On Aug. 7, members of Korean Press outlets MBC, KBS, and Radio Korea, gathered in the District Office of Assemblyman Charles Lavine to witness the first meeting of the New York State Assemblyman and Il-Chul Kang, a 78-year-old Korean woman who was forced into servitude as a so-called “comfort woman.”
Kang was born in 1928 in Sangju Kyeongsangbuk-do, Korea. In 1943, at the age of 16, she was forcibly taken to the Japanese military sexual slavery facilities in Pyungten, China. She was not able to return to her native Korea until 2000.
“I don’t have my family anymore; all I have is my courage,” Kang said through an interpreter.
In 2000, Kang became a resident of “The House of Sharing,” a residence and museum for survivors of Japanese military sexual slavery during WWII. It is an organization dedicated to protecting the women who were exploited by the Japanese military. It is a community that is also dedicated to reminding the world of the atrocities of the past, with a view toward preventing future cruelty and inhumanity.

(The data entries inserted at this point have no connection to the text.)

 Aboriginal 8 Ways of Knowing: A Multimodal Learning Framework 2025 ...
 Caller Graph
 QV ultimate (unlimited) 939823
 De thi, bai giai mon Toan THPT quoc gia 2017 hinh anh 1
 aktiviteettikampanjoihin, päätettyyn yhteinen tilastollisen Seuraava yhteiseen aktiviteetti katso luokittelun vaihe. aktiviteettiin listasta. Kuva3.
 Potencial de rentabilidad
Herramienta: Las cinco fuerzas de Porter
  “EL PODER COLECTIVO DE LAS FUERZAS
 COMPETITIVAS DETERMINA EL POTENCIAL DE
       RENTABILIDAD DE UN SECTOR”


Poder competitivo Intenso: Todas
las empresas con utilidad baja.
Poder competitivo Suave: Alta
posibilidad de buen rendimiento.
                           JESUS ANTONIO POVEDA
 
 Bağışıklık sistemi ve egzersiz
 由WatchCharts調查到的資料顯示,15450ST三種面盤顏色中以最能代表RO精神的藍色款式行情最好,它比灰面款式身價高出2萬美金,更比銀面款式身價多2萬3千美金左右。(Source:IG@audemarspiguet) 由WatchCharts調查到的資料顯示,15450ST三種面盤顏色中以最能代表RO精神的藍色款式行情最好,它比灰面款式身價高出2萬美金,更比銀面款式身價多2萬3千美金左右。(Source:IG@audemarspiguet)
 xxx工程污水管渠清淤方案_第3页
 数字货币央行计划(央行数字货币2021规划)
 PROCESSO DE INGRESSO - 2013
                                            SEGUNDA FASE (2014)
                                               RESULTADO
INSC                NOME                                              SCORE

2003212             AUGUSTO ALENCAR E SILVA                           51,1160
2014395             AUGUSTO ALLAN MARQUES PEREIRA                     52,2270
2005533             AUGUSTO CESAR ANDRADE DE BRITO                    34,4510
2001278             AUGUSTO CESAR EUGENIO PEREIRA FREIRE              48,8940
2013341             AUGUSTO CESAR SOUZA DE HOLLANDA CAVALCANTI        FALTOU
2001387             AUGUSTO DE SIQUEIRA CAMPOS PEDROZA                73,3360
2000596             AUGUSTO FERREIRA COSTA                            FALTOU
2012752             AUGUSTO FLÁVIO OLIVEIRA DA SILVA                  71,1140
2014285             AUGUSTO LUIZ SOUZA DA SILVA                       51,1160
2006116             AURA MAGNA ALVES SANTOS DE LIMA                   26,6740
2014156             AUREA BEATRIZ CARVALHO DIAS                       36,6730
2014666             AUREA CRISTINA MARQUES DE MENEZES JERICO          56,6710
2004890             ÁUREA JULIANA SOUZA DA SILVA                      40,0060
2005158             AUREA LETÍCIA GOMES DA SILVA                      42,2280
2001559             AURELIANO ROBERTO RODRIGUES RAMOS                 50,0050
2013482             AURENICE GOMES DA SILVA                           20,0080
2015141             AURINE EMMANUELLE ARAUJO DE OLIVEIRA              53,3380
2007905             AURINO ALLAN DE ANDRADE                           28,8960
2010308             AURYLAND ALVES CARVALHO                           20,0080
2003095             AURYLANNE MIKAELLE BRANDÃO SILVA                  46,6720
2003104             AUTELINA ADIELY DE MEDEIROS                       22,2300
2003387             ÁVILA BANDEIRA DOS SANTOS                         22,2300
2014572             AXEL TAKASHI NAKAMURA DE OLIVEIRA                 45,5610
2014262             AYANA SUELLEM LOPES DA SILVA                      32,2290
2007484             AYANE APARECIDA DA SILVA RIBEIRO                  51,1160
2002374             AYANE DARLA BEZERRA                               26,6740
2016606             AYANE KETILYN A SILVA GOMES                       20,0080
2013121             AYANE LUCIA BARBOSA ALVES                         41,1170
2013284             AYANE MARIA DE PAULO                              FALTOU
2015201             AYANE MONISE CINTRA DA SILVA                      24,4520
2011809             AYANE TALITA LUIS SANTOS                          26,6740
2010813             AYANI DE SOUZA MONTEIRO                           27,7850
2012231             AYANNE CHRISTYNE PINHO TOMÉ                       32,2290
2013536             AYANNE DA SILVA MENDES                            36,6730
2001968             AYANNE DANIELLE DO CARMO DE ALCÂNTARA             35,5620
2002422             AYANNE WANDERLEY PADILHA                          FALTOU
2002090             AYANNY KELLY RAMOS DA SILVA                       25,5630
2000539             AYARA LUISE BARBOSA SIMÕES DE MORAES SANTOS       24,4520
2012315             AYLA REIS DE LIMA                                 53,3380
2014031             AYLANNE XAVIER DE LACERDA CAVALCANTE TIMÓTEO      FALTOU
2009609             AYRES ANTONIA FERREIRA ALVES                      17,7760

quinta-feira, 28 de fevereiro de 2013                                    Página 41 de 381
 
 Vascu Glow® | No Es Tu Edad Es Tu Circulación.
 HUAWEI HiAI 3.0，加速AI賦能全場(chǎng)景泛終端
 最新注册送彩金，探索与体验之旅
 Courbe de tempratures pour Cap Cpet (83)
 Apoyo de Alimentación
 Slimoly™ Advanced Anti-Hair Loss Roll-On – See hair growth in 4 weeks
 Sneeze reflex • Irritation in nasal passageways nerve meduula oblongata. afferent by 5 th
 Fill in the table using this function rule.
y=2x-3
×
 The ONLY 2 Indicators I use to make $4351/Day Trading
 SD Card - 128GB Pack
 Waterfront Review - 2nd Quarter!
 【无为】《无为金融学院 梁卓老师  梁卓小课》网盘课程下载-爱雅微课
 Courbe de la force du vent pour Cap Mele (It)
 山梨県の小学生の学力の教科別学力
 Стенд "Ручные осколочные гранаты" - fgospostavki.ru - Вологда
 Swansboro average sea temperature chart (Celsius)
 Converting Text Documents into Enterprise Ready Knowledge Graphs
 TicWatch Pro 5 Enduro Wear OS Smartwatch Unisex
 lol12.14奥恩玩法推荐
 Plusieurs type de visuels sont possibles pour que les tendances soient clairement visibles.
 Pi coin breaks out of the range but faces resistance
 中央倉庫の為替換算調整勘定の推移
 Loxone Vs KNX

In 2013, Lavine authored a New York State Proclamation honoring the American-Korean Community for having established a monument in Eisenhower Park commemorating the plight and sacrifices of the “comfort women” and calling on all Americans to stand against the brutal treatment suffered by girls and women in far too many parts of our modern world.
“Today was a day that I will never forget,” noted Lavine. “The courage and nobility of Ms. Kang to persevere through this horrific experience is truly inspiring. Her personal story should make each of us stand up for human rights and women’s rights.”